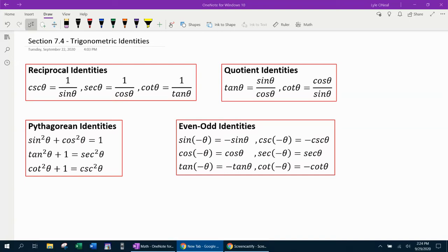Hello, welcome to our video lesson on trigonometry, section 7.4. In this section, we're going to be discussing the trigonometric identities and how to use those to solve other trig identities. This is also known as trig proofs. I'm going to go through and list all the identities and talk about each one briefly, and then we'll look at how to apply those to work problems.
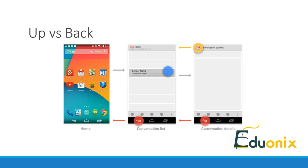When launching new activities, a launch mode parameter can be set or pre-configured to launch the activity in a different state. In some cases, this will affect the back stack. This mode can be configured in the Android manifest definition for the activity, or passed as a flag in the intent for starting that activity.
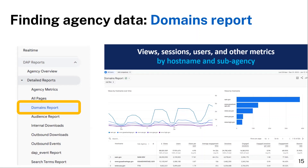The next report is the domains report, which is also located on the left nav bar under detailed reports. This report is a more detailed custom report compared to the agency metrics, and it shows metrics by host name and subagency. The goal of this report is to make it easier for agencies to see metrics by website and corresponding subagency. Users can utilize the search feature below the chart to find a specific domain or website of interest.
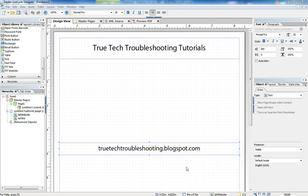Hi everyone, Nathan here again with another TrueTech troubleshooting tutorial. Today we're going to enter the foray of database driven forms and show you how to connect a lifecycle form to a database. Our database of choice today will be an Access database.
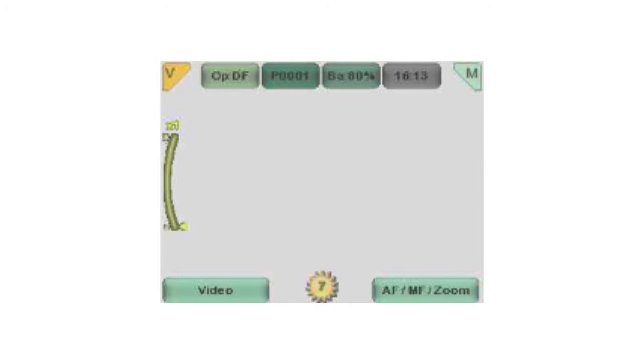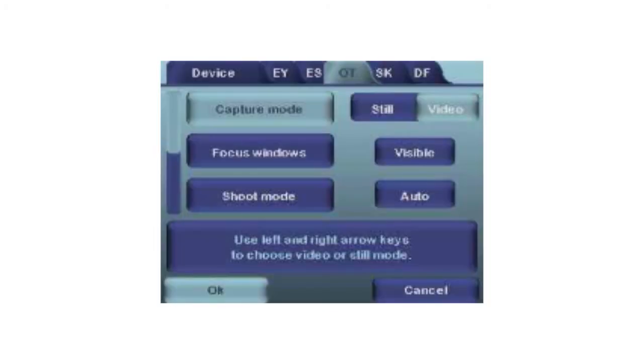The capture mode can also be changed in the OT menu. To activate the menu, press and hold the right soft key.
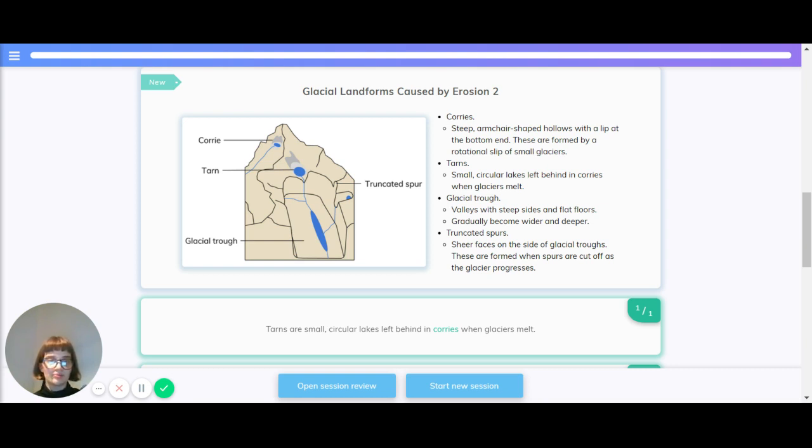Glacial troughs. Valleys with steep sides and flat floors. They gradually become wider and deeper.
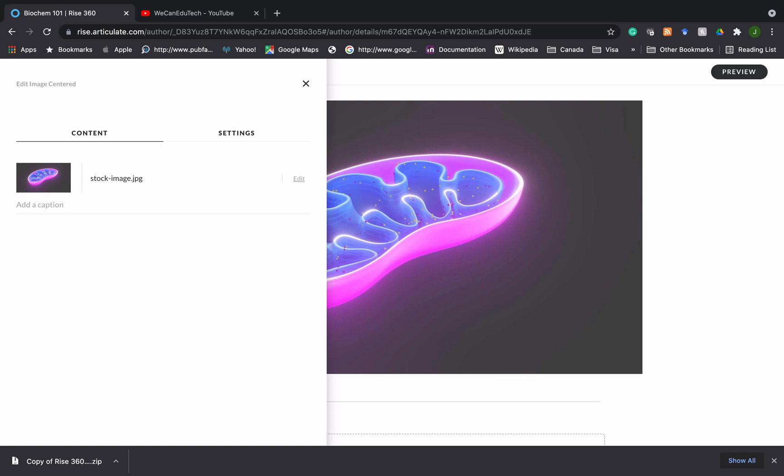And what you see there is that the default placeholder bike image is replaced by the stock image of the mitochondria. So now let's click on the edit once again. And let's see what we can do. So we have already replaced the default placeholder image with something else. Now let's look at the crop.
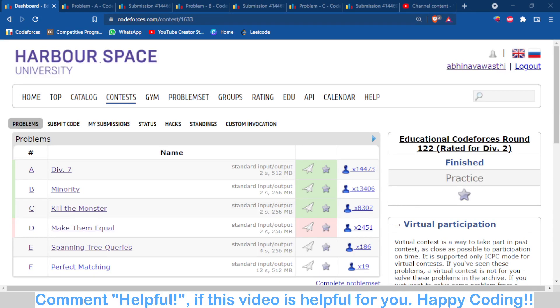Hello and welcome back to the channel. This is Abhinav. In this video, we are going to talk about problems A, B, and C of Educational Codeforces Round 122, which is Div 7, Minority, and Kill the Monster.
★ ★ ★ ★ ★
▸ **INSTRUCTIONS TO FOLLOW**: Print the material word for word without images.

▸ **SOLUTION FOR THIS EXERCISE**:
Hello, welcome to our video lesson on trigonometry, section 7.4. In this section, we're going to be discussing the trigonometric identities and how to use those to solve other trig identities. This is also known as trig proofs. I'm going to go through and list all the identities and talk about each one briefly, and then we'll look at how to apply those to work problems.
When launching new activities, a launch mode parameter can be set or pre-configured to launch the activity in a different state. In some cases, this will affect the back stack. This mode can be configured in the Android manifest definition for the activity, or passed as a flag in the intent for starting that activity.
The next report is the domains report, which is also located on the left nav bar under detailed reports. This report is a more detailed custom report compared to the agency metrics, and it shows metrics by host name and subagency. The goal of this report is to make it easier for agencies to see metrics by website and corresponding subagency. Users can utilize the search feature below the chart to find a specific domain or website of interest.
Hi everyone, Nathan here again with another TrueTech troubleshooting tutorial. Today we're going to enter the foray of database driven forms and show you how to connect a lifecycle form to a database. Our database of choice today will be an Access database.
The capture mode can also be changed in the OT menu. To activate the menu, press and hold the right soft key.
Glacial troughs. Valleys with steep sides and flat floors. They gradually become wider and deeper.
And what you see there is that the default placeholder bike image is replaced by the stock image of the mitochondria. So now let's click on the edit once again. And let's see what we can do. So we have already replaced the default placeholder image with something else. Now let's look at the crop.
Hello and welcome back to the channel. This is Abhinav. In this video, we are going to talk about problems A, B, and C of Educational Codeforces Round 122, which is Div 7, Minority, and Kill the Monster.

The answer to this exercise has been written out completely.